API_URL = os.getenv("ROBOFLOW_API_URL")
API_KEY = os.getenv("ROBOFLOW_API_KEY")

client = InferenceHTTPClient(
    api_url= API_URL,
    api_key= API_KEY 
)

## Capturing one frame

In [None]:
# capture one frame
cap = cv2.VideoCapture(1)
ret, frame = cap.read()
cap.release()

# Run workflow to receive JSON response

In [None]:
if ret:
    # save it temporarily
    cv2.imwrite("frame.jpg", frame)
    
    # run workflow
    result = client.run_workflow(
        workspace_name="testing-qqggh",
        workflow_id="custom-workflow",
        images={"image": "frame.jpg"}
    )

## Create annotated engagement frame

In [None]:
# Parse JSON response to extract class name and confidence
try:
    predictions = result[0]['predictions']['predictions']
    if predictions:
        class_name = predictions[0]['class']
        confidence = predictions[0]['confidence']
    else:
        # Fallback to top-level values if predictions array is empty
        class_name = result[0]['predictions'].get('top', 'unknown')
        confidence = result[0]['predictions'].get('confidence', 0.0)
except (KeyError, IndexError, TypeError) as e:
    print(f"Error parsing result: {e}")
    print(f"Result structure: {result}")
    class_name = "unknown"
    confidence = 0.0

# Format class name (capitalize properly, handling hyphenated words)
if '-' in class_name:
    formatted_class = '-'.join(word.capitalize() for word in class_name.split('-'))
else:
    formatted_class = class_name.capitalize()

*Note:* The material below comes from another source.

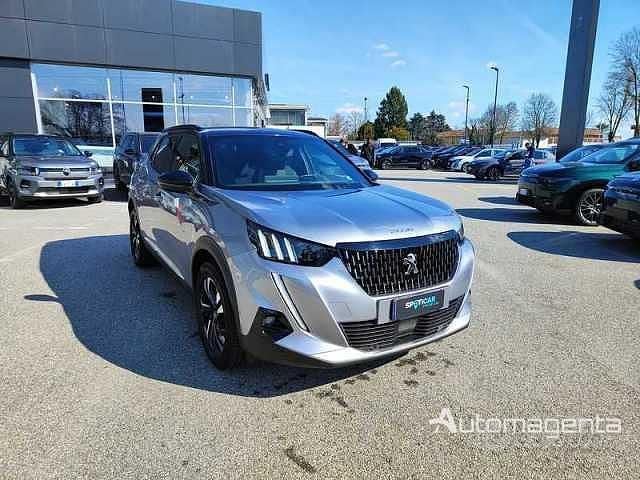 Usata Peugeot 2008 GT 131 CV (96 kW) 2021 Argento SUV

confidence_pct = confidence * 100
confidence_str = f"{confidence_pct:.2f}%"

# Load the original frame.jpg image
annotated_frame = cv2.imread("frame.jpg")

if annotated_frame is not None:
    # Draw box overlay in top-left corner 
    box_x, box_y = 0, 0
    text = f"{formatted_class} {confidence_str}"
    
    # Get text size to determine box dimensions
    font = cv2.FONT_HERSHEY_SIMPLEX
    font_scale = 0.85 
    thickness = 2
    (text_width, text_height), baseline = cv2.getTextSize(text, font, font_scale, thickness)
    
    # Box dimensions with padding (adjusted for better proportions)
    padding_x = 14
    padding_y = 10
    box_width = text_width + padding_x * 2
    box_height = text_height + baseline + padding_y * 2
    
    # Draw filled purple rectangle
    purple_color = (128, 0, 128)  
    cv2.rectangle(annotated_frame, 
                    (box_x, box_y), 
                    (box_x + box_width, box_y + box_height), 
                    purple_color, 
                    -1)
    
    # Add white text overlay
    text_x = box_x + padding_x
    text_y = box_y + text_height + padding_y
    white_color = (255, 255, 255)
    cv2.putText(annotated_frame, text, (text_x, text_y), 
                font, font_scale, white_color, thickness)
    
    # Display the annotated image
    cv2.imshow("Roboflow Test - Annotated", annotated_frame)
    print(f"Class: {formatted_class}, Confidence: {confidence_str}")
    print("Press any key to close the window...")
    cv2.waitKey(0)
    cv2.destroyAllWindows()
    
    # Save annotated image
    output_filename = "frame_annotated.jpg"
    cv2.imwrite(output_filename, annotated_frame)
    print(f"Annotated image saved as {output_filename}")
else:
    print("Could not load frame.jpg for annotation.")

## Output

![Annotated-Attentive](assets/frame_annotated_attentive.jpg)

![Annotated-Non-Attentive](assets/frame_annotated_non_attentive.jpg)

![Annotated-Confused](assets/frame_annotated_confused.jpg)

## Results and Conclusions

Offline validation mattered less than real-time accuracy, since my earlier MARLIN + MediaPipe pipeline was slow and only correct about 45–50% of the time. The Roboflow model, trained on far less data, ran instantly and produced consistently accurate predictions (aside from occasional “confused” cases). Tests in different lighting showed similarly strong behavior, making this a far more practical option for real-time engagement classification.